Soldiers came home with cash in their pockets, eager to enter a new prosperity. They enjoyed greater mobility and more leisure time than their parents, and many of them took up hunting. Trophy-conscious hunters replaced traditional lever-action rifles with potent bolt guns that begged optical sights for long shooting.
As post-war prosperity entered the 1960s, L&S needed more manufacturing space. Marcus urged its board of directors to purchase a new factory site west of Portland. The 90,000-square-foot facility would include a shooting tunnel--a priority for Leupold's top salesman, Jack Slack. An avid rifleman who'd joined the firm in 1953, Jack kept in touch with hunters and represented them at board meetings. A colleague recalled that once "he stood up, lifted his heel and swung a scope against it, breaking the reticle.

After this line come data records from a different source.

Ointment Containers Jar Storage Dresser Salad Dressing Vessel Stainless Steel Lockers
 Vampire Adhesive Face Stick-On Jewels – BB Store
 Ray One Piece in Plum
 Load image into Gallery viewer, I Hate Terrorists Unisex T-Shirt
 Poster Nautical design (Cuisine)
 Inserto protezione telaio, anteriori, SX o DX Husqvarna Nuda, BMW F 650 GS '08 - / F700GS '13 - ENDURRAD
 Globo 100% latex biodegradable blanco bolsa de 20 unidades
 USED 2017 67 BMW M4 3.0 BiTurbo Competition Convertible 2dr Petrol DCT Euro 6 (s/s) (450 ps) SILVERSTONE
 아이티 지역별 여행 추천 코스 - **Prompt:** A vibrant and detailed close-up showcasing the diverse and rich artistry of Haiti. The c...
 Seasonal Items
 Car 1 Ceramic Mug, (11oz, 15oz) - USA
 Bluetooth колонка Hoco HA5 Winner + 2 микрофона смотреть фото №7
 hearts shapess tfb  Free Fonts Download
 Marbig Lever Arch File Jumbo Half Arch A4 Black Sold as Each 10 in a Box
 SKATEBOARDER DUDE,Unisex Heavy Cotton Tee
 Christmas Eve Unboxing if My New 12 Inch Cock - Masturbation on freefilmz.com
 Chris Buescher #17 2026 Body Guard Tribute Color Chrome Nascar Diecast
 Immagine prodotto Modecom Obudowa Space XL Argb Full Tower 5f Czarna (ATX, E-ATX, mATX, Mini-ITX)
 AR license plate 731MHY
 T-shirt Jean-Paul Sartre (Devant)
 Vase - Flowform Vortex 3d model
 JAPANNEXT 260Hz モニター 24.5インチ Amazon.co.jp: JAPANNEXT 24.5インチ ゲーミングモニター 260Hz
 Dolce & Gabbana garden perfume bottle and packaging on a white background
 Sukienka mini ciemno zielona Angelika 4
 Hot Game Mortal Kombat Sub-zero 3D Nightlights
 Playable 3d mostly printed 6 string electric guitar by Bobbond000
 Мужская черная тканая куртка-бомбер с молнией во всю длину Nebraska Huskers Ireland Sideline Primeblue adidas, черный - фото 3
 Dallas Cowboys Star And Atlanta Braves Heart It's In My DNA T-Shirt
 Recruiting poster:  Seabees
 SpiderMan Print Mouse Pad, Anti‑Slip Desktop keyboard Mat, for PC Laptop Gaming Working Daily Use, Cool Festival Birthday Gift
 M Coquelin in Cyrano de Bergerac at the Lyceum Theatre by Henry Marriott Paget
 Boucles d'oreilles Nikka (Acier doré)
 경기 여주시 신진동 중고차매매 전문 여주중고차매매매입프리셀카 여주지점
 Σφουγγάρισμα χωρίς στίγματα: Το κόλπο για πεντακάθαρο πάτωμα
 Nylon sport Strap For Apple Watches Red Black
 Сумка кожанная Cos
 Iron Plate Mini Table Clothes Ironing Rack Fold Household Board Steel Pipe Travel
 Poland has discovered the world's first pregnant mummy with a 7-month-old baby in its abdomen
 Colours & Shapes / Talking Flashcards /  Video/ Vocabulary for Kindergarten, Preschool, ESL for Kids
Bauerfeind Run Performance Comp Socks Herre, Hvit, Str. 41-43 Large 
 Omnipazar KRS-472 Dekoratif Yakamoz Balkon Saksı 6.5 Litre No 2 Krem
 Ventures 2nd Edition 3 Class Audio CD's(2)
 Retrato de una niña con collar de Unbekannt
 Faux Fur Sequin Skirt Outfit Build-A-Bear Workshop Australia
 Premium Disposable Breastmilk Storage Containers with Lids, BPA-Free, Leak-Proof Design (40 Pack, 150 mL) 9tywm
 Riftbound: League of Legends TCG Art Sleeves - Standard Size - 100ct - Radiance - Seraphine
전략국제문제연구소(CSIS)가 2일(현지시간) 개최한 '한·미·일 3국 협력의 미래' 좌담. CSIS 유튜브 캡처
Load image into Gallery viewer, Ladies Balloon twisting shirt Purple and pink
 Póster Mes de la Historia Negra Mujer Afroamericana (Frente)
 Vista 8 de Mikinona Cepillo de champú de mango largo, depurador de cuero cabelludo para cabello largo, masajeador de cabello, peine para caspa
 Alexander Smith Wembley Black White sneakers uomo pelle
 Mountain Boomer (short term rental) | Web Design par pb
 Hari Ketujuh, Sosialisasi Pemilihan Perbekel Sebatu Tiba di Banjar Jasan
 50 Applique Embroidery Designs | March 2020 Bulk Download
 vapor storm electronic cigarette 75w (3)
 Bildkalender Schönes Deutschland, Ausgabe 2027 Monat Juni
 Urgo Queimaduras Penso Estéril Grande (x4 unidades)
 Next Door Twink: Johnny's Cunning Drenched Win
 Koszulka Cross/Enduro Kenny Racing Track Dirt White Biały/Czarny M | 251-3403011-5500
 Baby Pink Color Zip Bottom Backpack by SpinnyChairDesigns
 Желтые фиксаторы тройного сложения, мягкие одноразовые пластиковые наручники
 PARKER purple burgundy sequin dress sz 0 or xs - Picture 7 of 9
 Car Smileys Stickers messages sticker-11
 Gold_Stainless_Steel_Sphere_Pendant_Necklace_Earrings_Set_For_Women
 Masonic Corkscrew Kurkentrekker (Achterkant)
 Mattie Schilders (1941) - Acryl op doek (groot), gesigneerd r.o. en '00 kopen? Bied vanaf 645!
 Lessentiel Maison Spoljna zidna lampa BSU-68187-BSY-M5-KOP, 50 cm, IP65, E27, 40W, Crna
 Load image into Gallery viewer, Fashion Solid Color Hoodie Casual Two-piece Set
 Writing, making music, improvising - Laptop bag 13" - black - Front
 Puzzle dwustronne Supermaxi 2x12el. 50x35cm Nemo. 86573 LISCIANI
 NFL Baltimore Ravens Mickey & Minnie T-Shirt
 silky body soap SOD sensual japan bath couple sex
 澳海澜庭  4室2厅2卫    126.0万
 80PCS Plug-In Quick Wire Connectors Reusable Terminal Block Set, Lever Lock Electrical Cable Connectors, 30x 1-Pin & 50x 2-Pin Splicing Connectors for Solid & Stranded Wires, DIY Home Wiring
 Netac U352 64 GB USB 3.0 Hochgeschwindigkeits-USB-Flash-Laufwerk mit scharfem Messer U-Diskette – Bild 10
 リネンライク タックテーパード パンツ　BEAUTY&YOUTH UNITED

He showed that recoil-proof scopes could still fail if they lacked protection against side impact."
Jack hunted with people like Jack O'Connor, who urged the standardization of a one-inch scope tube. Slack took O'Connor's wisdom, and that of other contemporary gun gurus, to the L&S board room. Leupold Pioneer, Mountaineer and Westerner scopes became prototypes for the famous M8 fixed-power and Vari-X variable scopes that American shooters came to covet.